→ **Exercise objective**
Please set down only the lines below starting with the line with "ファンタジースプリングスのアトラクション運営方法の変化" and going on through the line with "BRAIN BLASTERSZ Kuum", verbatim and without pictures.

**** Data in this exercise ****

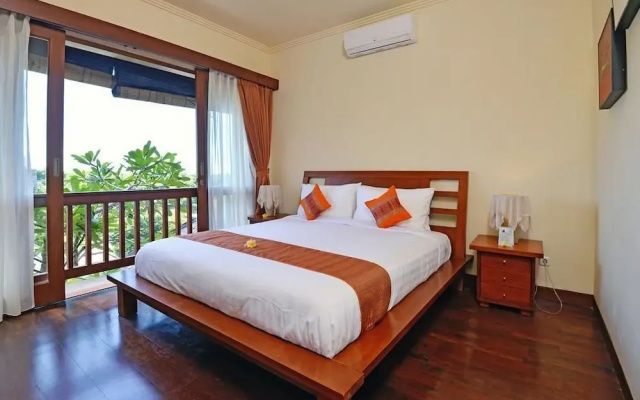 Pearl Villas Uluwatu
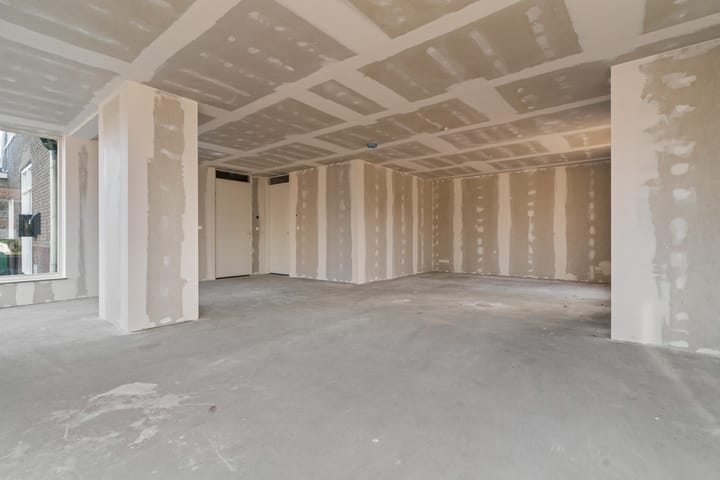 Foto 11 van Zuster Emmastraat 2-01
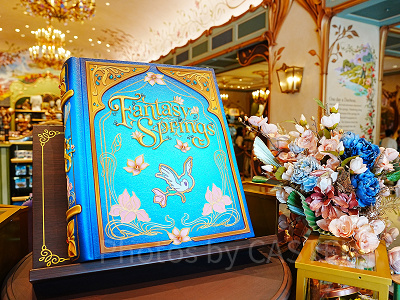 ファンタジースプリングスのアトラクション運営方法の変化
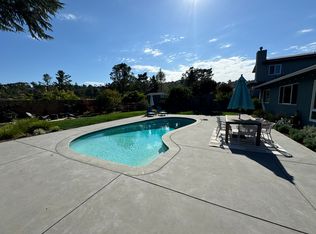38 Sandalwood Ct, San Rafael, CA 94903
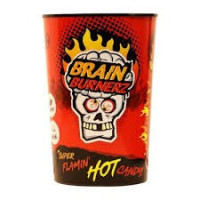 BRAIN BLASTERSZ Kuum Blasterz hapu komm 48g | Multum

****
**** Data in this exercise ****

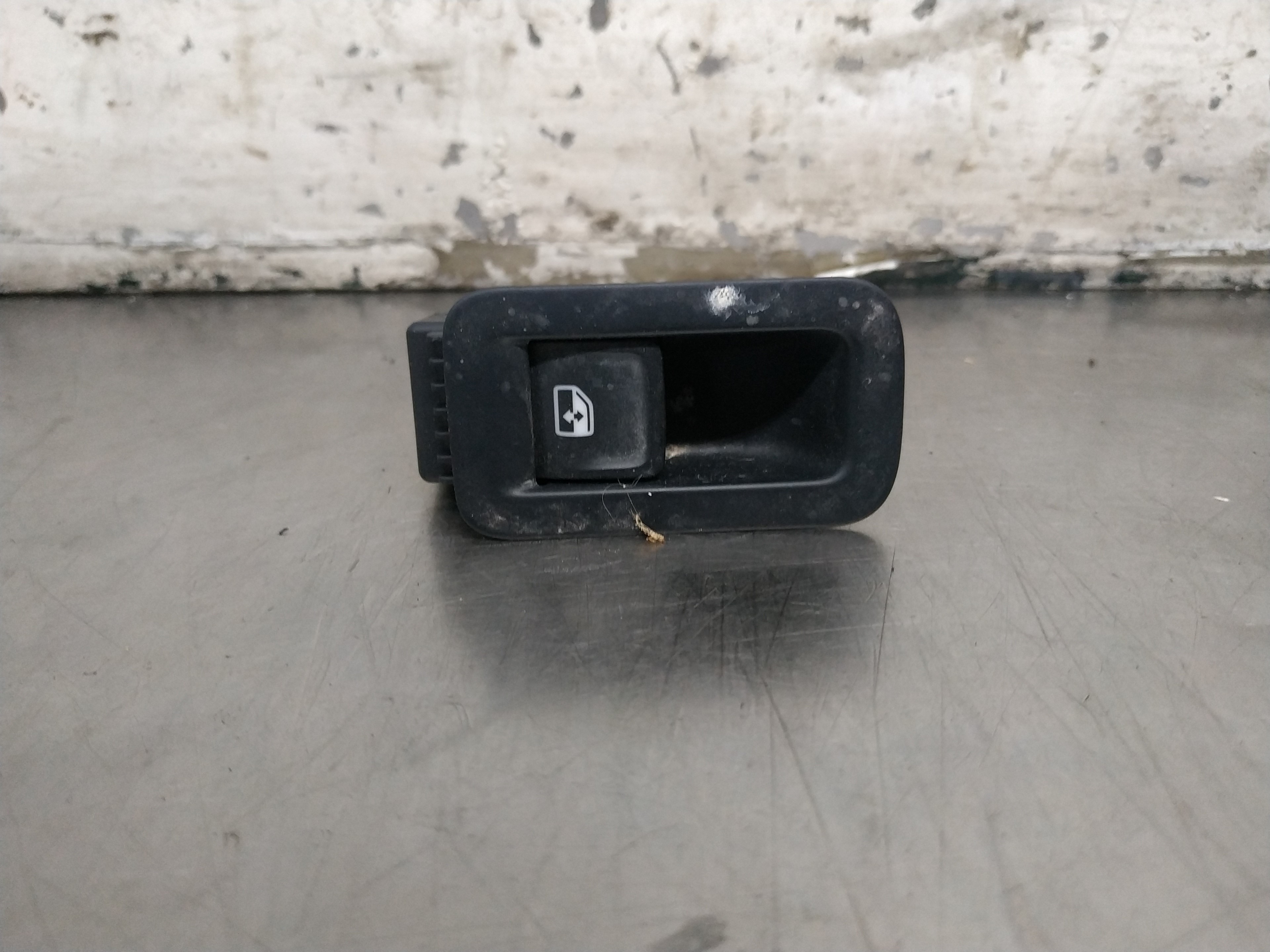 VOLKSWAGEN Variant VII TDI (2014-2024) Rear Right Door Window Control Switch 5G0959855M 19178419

****

→ **Exercise output**
 ファンタジースプリングスのアトラクション運営方法の変化
38 Sandalwood Ct, San Rafael, CA 94903
 BRAIN BLASTERSZ Kuum Blasterz hapu komm 48g | Multum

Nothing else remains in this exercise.